Dionizjusz wydawał nadzwyczaj wspaniałe uczty. Były to wystawne pokazy jego bogactwa i siły przed szlachetnie urodzonymi mieszkańcami krainy. Damokles, jeden z jego dworzan, oczarowany tak wielkim przepychem, powiedział kiedyś Dionizjuszowi, jak bardzo mu zazdrości bogactwa i potęgi.

– Dobrze zatem – odparł tyran – ponieważ to wszystko wydaje ci się tak godne zazdrości, może zechciałbyś sam tego zakosztować i przekonać się, jakie jest moje życie?

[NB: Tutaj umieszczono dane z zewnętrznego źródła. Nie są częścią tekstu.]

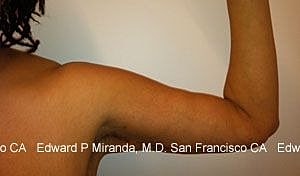 Arm Lift Before & After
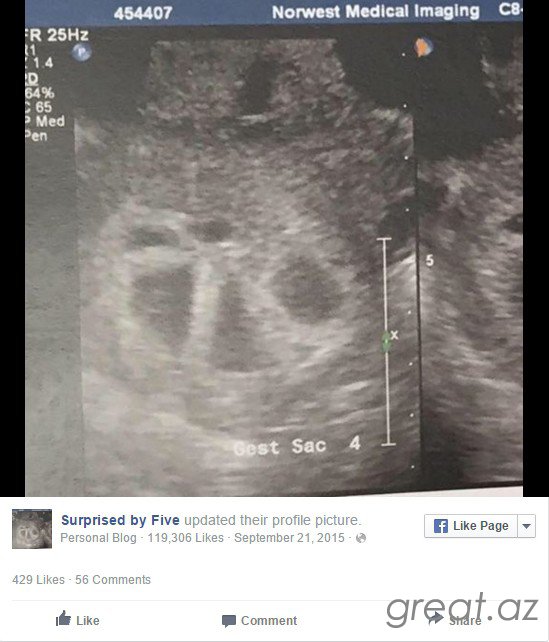 Как это выглядит, если вы беременны пятерняшками (7 фото)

Damokles, który był już nieco odurzony winem, zgodził się na to z radością. Posadzono go zatem na złotym tronie wysadzanym klejnotami, otoczono królewskim przepychem, skąpano w perfumach, w czarownej muzyce, podano wykwintne dania… Damokles wręcz pławił się w szczęściu. I nagle, gdy wzniósł oczy, ujrzał nad swoją głową zaostrzony miecz, który Dionizjusz kazał zawiesić na jednym tylko końskim włosie. W tej samej chwili oczy Damoklesa przestały dostrzegać blask tego, czym go otoczono, opuściła go przyjemność kosztowania dań, nie cieszyły już wytworne zapachy ani muzyka… I zapytał go tyran:

– Czy przekonałeś się, Damoklesie, jakie jest moje życie? Czy masz go już dosyć?

– Tak – wyszeptał dworzanin zdławionym głosem, pospiesznie opuszczając to niewarte zazdrości miejsce.Ten bowiem, kto żyje w nieustannym lęku, nie może zakosztować najmniejszej choćby przyjemności.